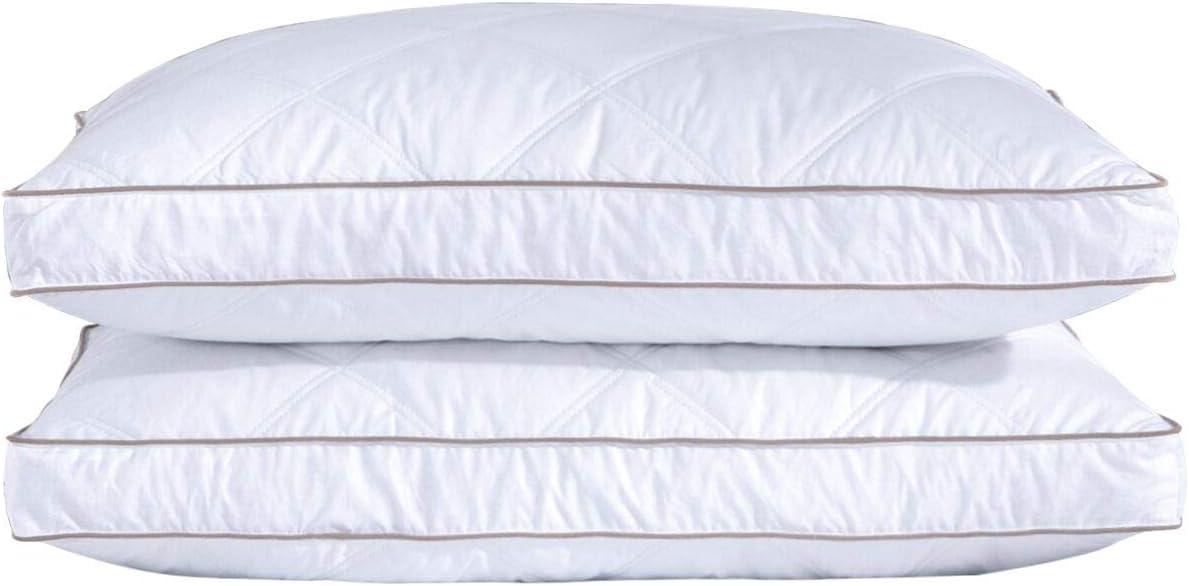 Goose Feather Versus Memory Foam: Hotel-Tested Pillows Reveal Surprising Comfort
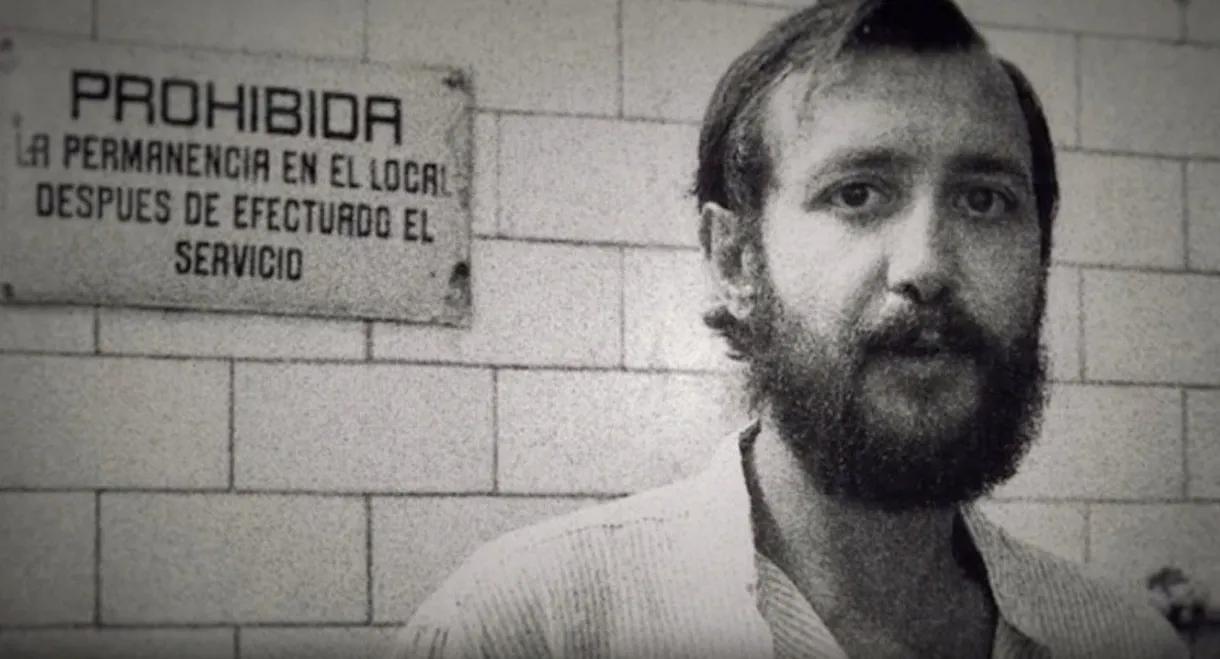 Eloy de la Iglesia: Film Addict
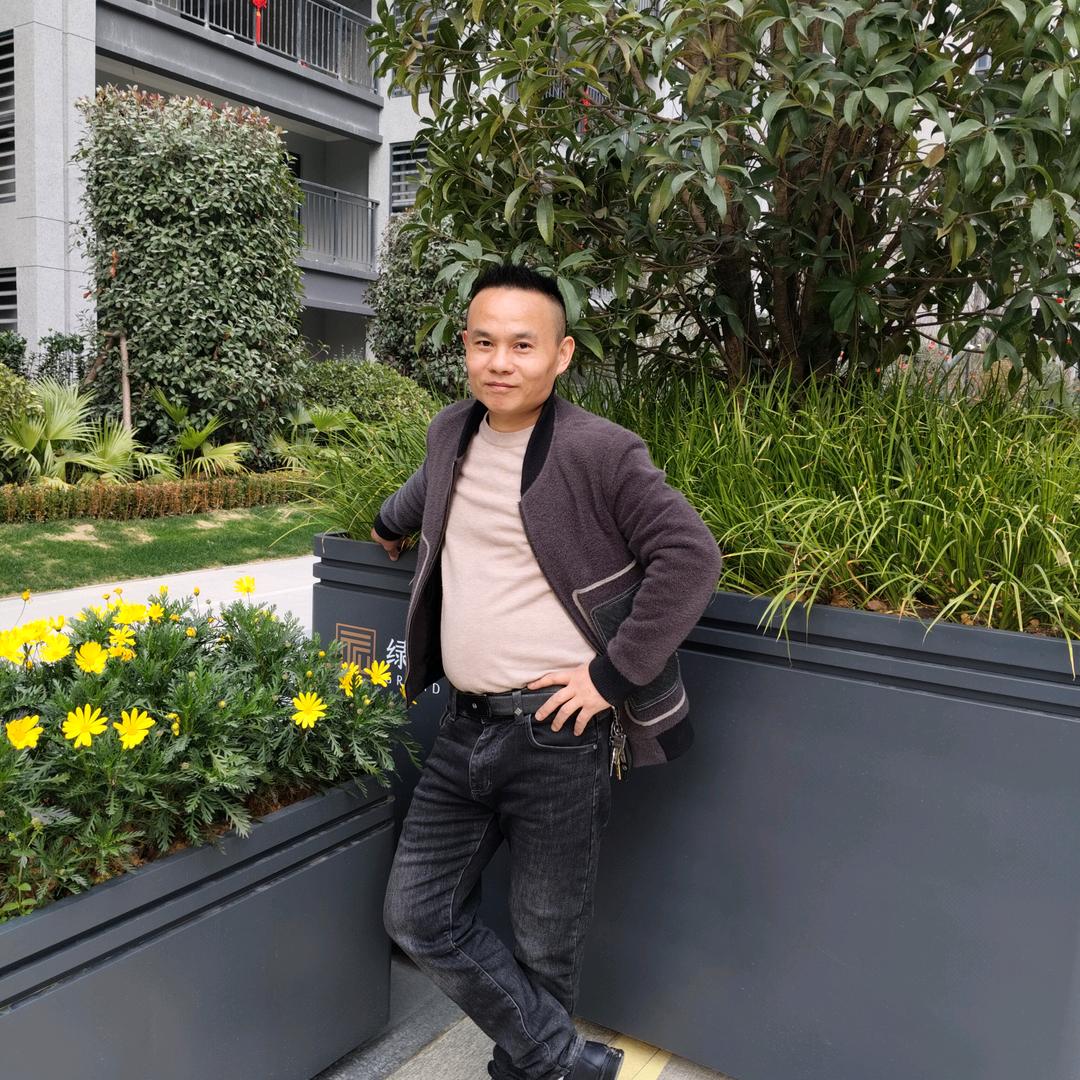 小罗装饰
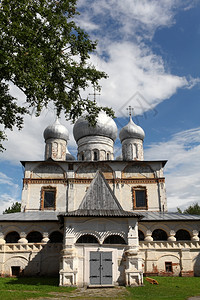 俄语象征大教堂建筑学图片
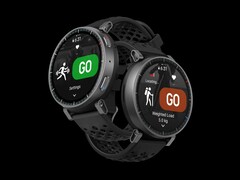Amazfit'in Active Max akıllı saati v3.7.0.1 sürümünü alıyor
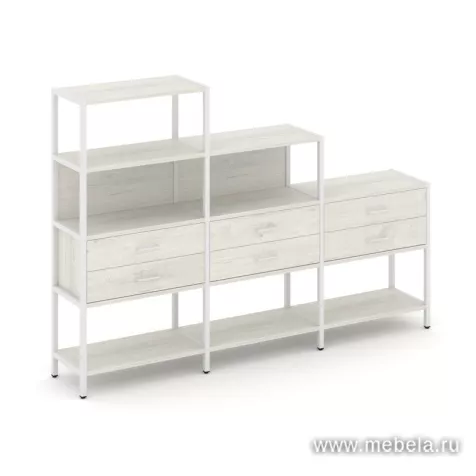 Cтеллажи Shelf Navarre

TASK DESCRIPTION: Your answer should consist solely of the lines from the line with "Amazfit'in Active Max" to the final line of the listing, set down word for word, pictures omitted.

EXPECTED ANSWER:
Amazfit'in Active Max akıllı saati v3.7.0.1 sürümünü alıyor
 Cтеллажи Shelf Navarre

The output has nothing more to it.